:: HOW TO COMPLETE THIS TASK ::
Write out the lines of the material below exactly, beginning at the line with "Kawaii Cat Graffiti" and stopping after the line with "Allegra K Women's", and leave out the pictures.

:: PROVIDED MATERIAL ::
────

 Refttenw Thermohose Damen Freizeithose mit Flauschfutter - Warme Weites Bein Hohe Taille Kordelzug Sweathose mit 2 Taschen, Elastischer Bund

────

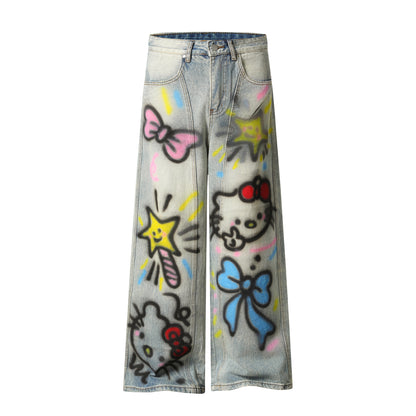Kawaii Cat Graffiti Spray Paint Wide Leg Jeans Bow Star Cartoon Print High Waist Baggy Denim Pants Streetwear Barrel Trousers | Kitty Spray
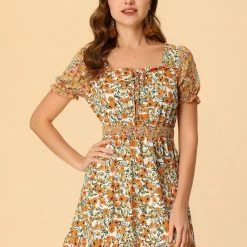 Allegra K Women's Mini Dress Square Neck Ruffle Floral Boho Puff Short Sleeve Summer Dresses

────

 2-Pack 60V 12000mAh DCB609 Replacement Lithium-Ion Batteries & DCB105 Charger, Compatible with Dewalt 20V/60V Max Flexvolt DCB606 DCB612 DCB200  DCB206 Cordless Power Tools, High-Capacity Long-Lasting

────

:: TASK ANSWER ::
Kawaii Cat Graffiti Spray Paint Wide Leg Jeans Bow Star Cartoon Print High Waist Baggy Denim Pants Streetwear Barrel Trousers | Kitty Spray
 Allegra K Women's Mini Dress Square Neck Ruffle Floral Boho Puff Short Sleeve Summer Dresses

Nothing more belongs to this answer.